The month-to-month drift shows comparing to March, the length of user queries to Apple in April is getting longer.

The third policy centers around monitoring the similarity or diversity of user queries on a monthly basis. Similar to the second policy, this monitoring policy also focuses on Apple and Tesla. As depicted in the screenshot, the overall semantic similarity of queries in April appears lower than that of March. In other words, users seemed to ask more similar questions in April while exhibiting a more diverse range of inquiries in March.

The monitoring shows comparing to March, the overall semantic similarity of queries in April is low.
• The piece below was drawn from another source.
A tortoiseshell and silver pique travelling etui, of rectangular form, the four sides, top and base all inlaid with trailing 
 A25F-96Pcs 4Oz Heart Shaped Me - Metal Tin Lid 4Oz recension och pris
In other words, users were asking more similar questions in April while more diverse question in March.

Conclusion

Monitoring language models is still at its early stage, and researchers and companies including Vianai are actively exploring different possibilities. This example demonstrates one of the ways VIANOPS can be used to effectively monitor a large language model. VIANOPS provides data scientists and machine learning engineers with a suite of highly flexible tools that they need to define and execute drift monitoring of both structured and unstructured data in their own unique business setting.

It is important to remember that monitoring a machine learning model in production is just as important as training a good model. While we may benefit from the unparalleled business value provided by large language models, using any model without rigorous monitoring and continuous refinement could cause significant financial or reputational harm.